What is probate
Probate is the legal process used to administer a deceased person's estate. In practical terms, that often means identifying probate property, working through the will, recognizing the executor or personal representative, paying valid obligations, and distributing the remaining estate according to the governing documents and state law.
Last reviewed: March 9, 2026
Reviewed against: probate and executor references listed on the sources page.
Publisher: Larry Trustee AI Editorial Team | hello@larrytrustee.ai
What probate usually covers
- Recognizing the executor or estate representative
- Gathering probate property and relevant records
- Paying valid debts, taxes, and administration costs
- Distributing remaining probate property under the will or state law
Why all property is not treated the same way
Not every asset follows the probate path. Property already titled in a trust may be handled under the trust. Assets with beneficiary designations can also follow separate transfer rules.

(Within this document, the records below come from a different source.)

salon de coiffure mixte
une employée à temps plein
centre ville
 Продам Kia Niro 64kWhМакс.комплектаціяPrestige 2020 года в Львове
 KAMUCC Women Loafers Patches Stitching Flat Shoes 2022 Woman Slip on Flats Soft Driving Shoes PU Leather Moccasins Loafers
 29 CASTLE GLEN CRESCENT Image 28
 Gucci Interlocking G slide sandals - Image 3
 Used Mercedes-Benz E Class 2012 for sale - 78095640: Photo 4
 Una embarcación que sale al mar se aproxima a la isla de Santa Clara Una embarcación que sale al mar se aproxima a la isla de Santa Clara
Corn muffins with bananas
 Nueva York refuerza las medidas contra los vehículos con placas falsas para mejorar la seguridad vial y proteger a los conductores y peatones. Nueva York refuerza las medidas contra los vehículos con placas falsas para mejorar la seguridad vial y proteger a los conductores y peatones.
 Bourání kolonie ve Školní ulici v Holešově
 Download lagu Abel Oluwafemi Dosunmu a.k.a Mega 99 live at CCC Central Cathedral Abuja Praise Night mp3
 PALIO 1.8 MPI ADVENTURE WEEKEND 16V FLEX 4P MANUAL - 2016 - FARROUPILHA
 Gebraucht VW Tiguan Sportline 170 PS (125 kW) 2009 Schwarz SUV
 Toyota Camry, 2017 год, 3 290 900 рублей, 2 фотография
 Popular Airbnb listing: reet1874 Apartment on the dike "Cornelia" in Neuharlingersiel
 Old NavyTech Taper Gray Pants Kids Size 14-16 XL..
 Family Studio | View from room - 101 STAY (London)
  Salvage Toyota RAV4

That is why modern estate plans often compare probate property, trust property, and beneficiary-designation property instead of treating the entire estate as one bucket.
Why probate and trusts are linked in search behavior
Many people search probate because they are deciding whether a revocable living trust or coordinated trust-plus- will plan would reduce friction later. The real question is often not probate alone. It is whether the plan is organized so the right assets are in the right lane before death.
How the executor role fits in
The executor usually handles probate administration, while the trustee manages trust property. One person can sometimes serve in both roles, but the authority still comes from different documents and procedures. That is why trust planning and probate planning need to be coordinated, not treated as the same thing.